After passing half of the 12 appropriations bills, House GOP leaders have pulled the plug on floor debates on the rest, apparently because of these party divisions.
The Senate has passed a single bill, though Majority Leader Harry Reid, D-Nev., has promised additional action this month on up to three of the measures.
The likely result is a reprise of this spring's omnibus spending bill. House Speaker John Boehner, R-Ohio, was forced to drop numerous policy provisions in late-stage talks with Obama and make concessions to Democrats on spending priorities.
GOP leaders may not be in a rush to seal such an agreement, especially with Congress scheduled to work in December anyway on legislation approved by a special deficit committee that's likely to focus on benefit programs.
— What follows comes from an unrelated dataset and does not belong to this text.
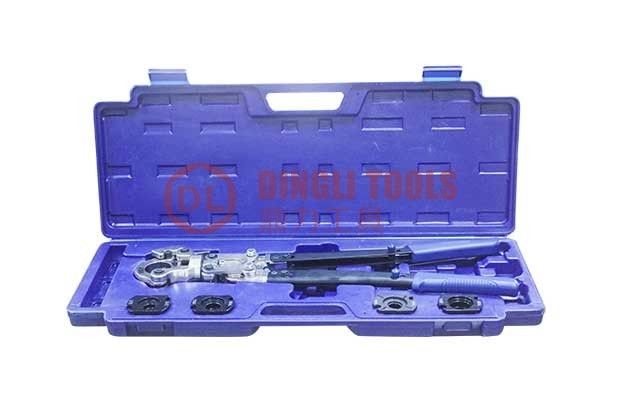 2.9 กก. DL-1432-B เครื่องมือย้ำแบบแมนนวล 14 มม. 16 มม. 20 มม. พร้อมหัวหมุนได้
The House vote ended a battle over whether some relief aid for victims of Hurricane Irene and other natural disasters should have been offset with budget cuts.
Lawmakers sidestepped the dispute by dropping $1 billion in disaster relief and accompanying cuts to a loan guarantee program to help automakers retool factories to meet new fuel economy standards.
In the end, the government's main disaster aid account was awarded $2.7 billion through an earlier emergency spending measure, which the administration says is enough to take care of disaster needs over the next few weeks. Several billion dollars more is on the way as part of a final agreement.